WORK REQUEST: Word-for-word transcription needed. Include every entry below but no pictures.

Captioned web image data:
######

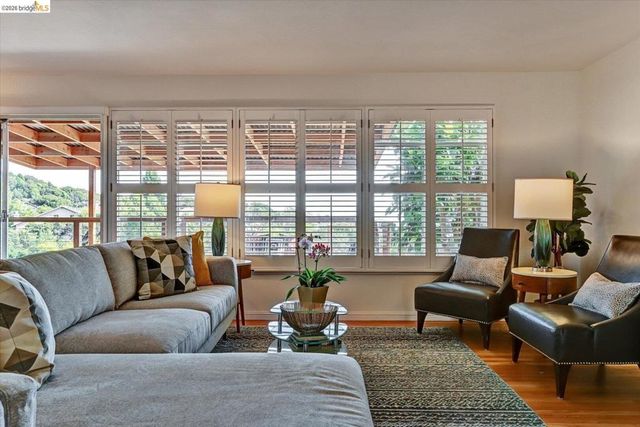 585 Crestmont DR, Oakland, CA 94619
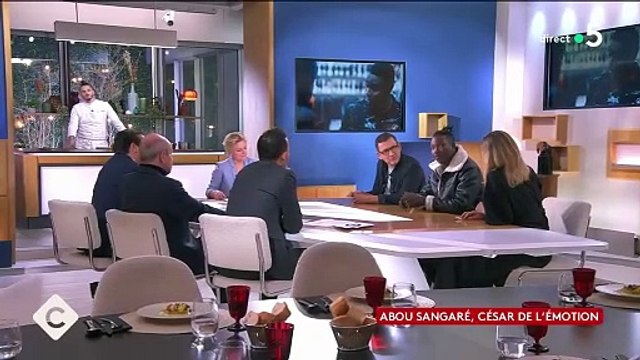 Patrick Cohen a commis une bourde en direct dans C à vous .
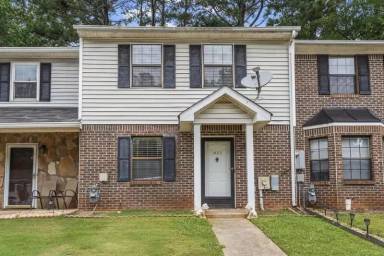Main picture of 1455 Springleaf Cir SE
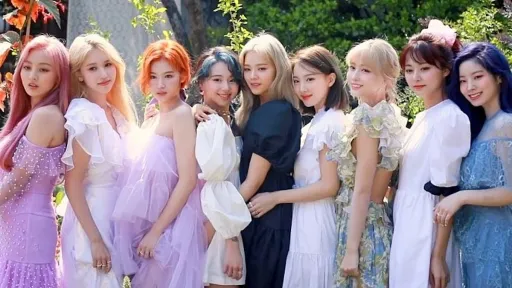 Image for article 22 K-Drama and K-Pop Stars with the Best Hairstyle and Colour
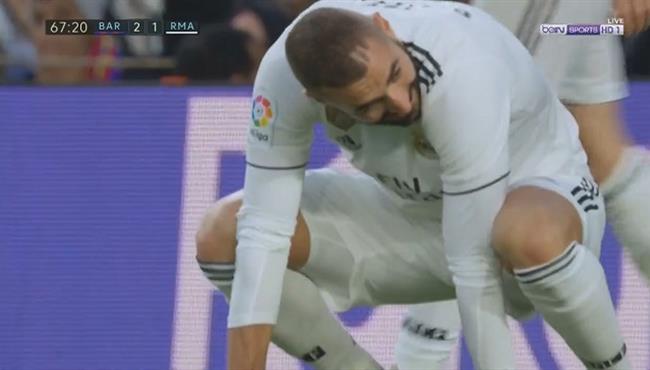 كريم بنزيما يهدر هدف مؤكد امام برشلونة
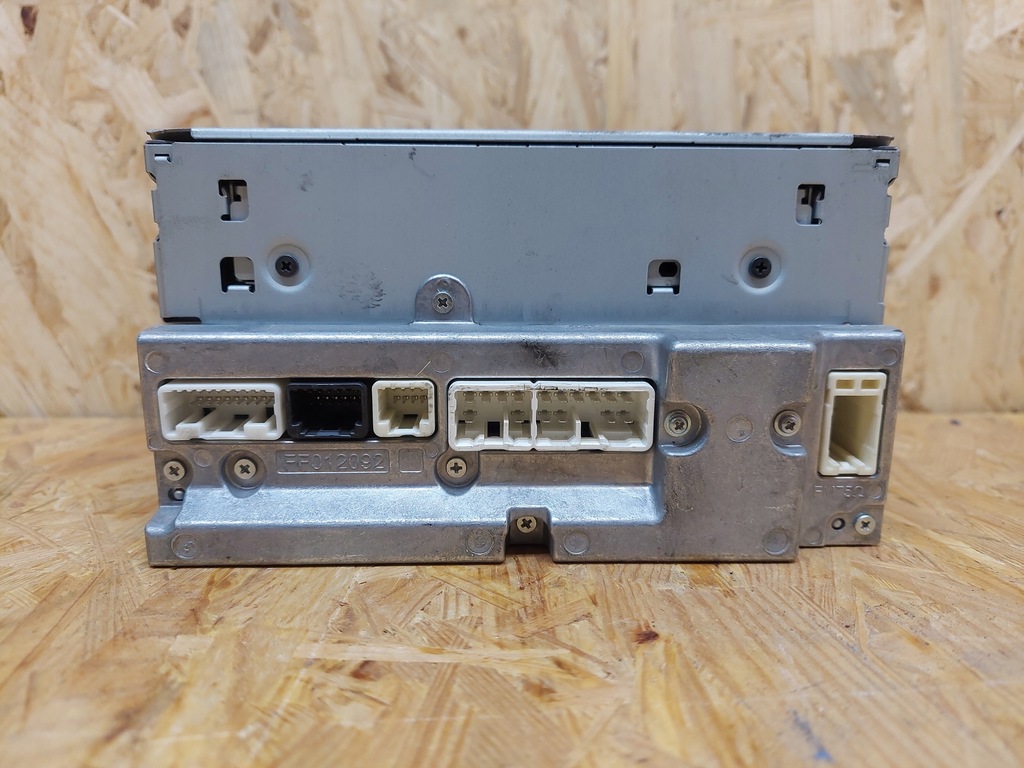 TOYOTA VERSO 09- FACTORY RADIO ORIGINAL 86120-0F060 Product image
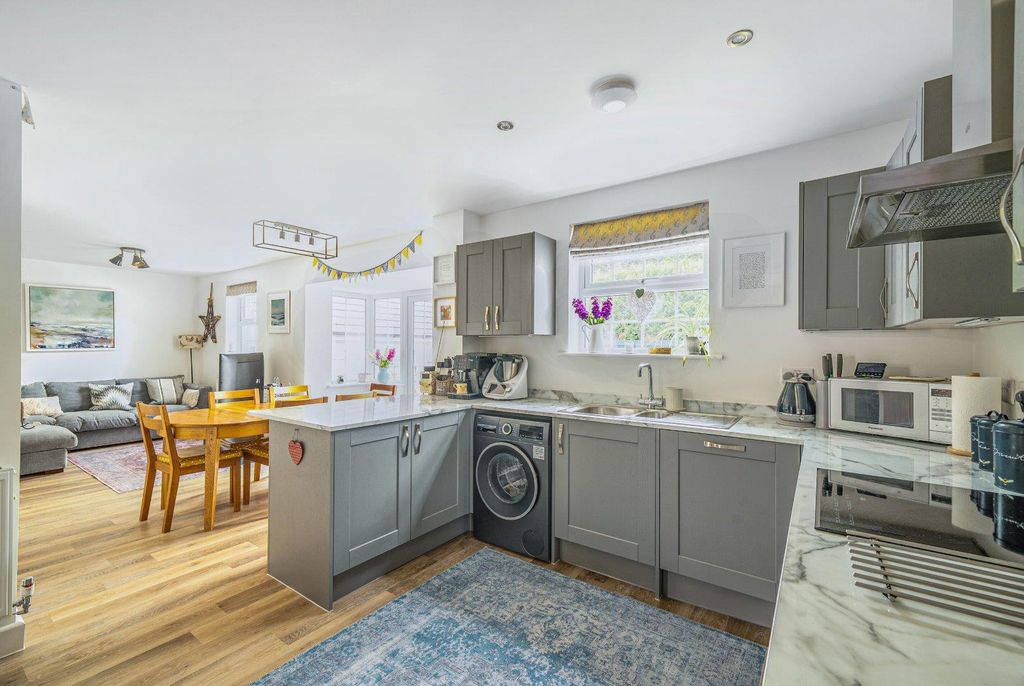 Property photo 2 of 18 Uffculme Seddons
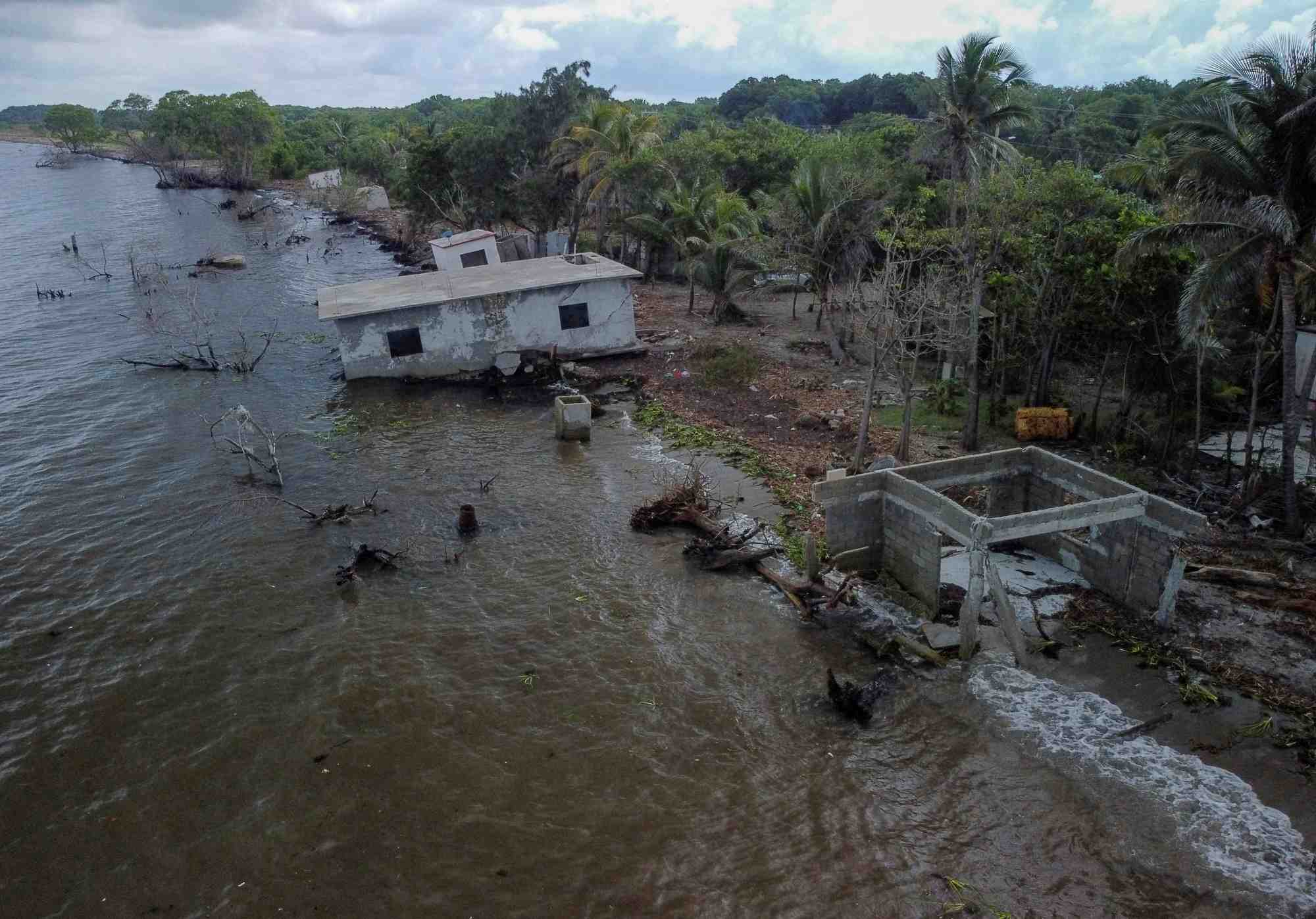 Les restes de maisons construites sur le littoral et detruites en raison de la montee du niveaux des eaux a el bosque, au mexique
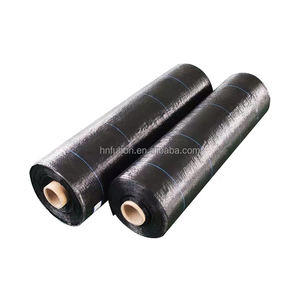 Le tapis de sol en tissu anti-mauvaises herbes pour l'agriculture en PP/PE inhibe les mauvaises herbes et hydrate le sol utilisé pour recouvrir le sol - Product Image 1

######

OUTPUT FOR THIS EXERCISE:
 585 Crestmont DR, Oakland, CA 94619
 Patrick Cohen a commis une bourde en direct dans C à vous .
Main picture of 1455 Springleaf Cir SE
 Image for article 22 K-Drama and K-Pop Stars with the Best Hairstyle and Colour
 كريم بنزيما يهدر هدف مؤكد امام برشلونة
 TOYOTA VERSO 09- FACTORY RADIO ORIGINAL 86120-0F060 Product image
 Property photo 2 of 18 Uffculme Seddons
 Les restes de maisons construites sur le littoral et detruites en raison de la montee du niveaux des eaux a el bosque, au mexique
 Le tapis de sol en tissu anti-mauvaises herbes pour l'agriculture en PP/PE inhibe les mauvaises herbes et hydrate le sol utilisé pour recouvrir le sol - Product Image 1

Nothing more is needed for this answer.